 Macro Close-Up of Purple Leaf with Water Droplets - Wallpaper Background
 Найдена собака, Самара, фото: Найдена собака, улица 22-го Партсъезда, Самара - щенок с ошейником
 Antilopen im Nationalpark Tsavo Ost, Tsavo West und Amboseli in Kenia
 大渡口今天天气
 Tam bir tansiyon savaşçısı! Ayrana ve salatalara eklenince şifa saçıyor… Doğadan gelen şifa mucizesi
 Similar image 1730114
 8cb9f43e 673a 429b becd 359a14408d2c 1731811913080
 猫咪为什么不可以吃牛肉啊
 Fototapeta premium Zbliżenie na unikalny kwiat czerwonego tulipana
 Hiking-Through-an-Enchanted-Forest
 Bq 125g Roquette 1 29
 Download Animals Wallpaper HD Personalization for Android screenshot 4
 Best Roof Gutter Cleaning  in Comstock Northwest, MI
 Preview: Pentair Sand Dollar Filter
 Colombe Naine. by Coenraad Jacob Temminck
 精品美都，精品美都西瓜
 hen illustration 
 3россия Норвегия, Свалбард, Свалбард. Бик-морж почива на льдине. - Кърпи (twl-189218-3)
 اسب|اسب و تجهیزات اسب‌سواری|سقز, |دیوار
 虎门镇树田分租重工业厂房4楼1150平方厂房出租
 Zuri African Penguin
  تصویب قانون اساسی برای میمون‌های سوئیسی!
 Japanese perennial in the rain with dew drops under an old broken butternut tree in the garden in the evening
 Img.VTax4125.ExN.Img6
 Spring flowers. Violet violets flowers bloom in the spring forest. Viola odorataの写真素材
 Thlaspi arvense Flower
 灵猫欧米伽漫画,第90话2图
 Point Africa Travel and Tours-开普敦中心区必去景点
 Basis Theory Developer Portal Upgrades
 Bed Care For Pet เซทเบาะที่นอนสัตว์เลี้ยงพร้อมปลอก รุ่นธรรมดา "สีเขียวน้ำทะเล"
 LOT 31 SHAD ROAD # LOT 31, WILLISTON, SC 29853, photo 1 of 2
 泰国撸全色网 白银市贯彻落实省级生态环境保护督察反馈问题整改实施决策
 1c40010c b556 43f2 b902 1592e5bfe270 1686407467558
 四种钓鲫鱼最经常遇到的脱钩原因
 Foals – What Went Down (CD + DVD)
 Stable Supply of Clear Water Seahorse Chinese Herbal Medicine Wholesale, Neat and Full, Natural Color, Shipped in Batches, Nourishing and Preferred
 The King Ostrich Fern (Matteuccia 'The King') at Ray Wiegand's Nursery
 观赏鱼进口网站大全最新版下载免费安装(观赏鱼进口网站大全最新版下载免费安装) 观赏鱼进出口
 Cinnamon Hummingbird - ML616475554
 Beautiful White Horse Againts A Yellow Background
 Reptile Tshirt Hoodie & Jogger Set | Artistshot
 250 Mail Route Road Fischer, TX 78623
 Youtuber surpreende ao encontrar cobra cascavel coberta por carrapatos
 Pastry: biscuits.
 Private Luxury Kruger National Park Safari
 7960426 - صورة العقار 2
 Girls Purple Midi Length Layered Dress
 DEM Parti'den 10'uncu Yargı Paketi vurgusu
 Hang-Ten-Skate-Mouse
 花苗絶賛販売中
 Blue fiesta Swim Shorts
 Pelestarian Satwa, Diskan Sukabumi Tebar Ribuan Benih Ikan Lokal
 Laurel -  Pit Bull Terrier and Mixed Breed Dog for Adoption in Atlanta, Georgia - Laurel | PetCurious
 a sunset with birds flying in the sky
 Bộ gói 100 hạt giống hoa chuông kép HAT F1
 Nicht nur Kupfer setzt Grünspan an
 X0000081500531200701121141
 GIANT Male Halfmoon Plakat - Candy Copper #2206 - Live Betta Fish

======

Look above for the line with "8cb9f43e 673a 429b" and the line with "Foals – What Went Down (CD + DVD)". Write out those two lines and all the lines between them, exactly, and no others.

 8cb9f43e 673a 429b becd 359a14408d2c 1731811913080
 猫咪为什么不可以吃牛肉啊
 Fototapeta premium Zbliżenie na unikalny kwiat czerwonego tulipana
 Hiking-Through-an-Enchanted-Forest
 Bq 125g Roquette 1 29
 Download Animals Wallpaper HD Personalization for Android screenshot 4
 Best Roof Gutter Cleaning  in Comstock Northwest, MI
 Preview: Pentair Sand Dollar Filter
 Colombe Naine. by Coenraad Jacob Temminck
 精品美都，精品美都西瓜
 hen illustration 
 3россия Норвегия, Свалбард, Свалбард. Бик-морж почива на льдине. - Кърпи (twl-189218-3)
 اسب|اسب و تجهیزات اسب‌سواری|سقز, |دیوار
 虎门镇树田分租重工业厂房4楼1150平方厂房出租
 Zuri African Penguin
  تصویب قانون اساسی برای میمون‌های سوئیسی!
 Japanese perennial in the rain with dew drops under an old broken butternut tree in the garden in the evening
 Img.VTax4125.ExN.Img6
 Spring flowers. Violet violets flowers bloom in the spring forest. Viola odorataの写真素材
 Thlaspi arvense Flower
 灵猫欧米伽漫画,第90话2图
 Point Africa Travel and Tours-开普敦中心区必去景点
 Basis Theory Developer Portal Upgrades
 Bed Care For Pet เซทเบาะที่นอนสัตว์เลี้ยงพร้อมปลอก รุ่นธรรมดา "สีเขียวน้ำทะเล"
 LOT 31 SHAD ROAD # LOT 31, WILLISTON, SC 29853, photo 1 of 2
 泰国撸全色网 白银市贯彻落实省级生态环境保护督察反馈问题整改实施决策
 1c40010c b556 43f2 b902 1592e5bfe270 1686407467558
 四种钓鲫鱼最经常遇到的脱钩原因
 Foals – What Went Down (CD + DVD)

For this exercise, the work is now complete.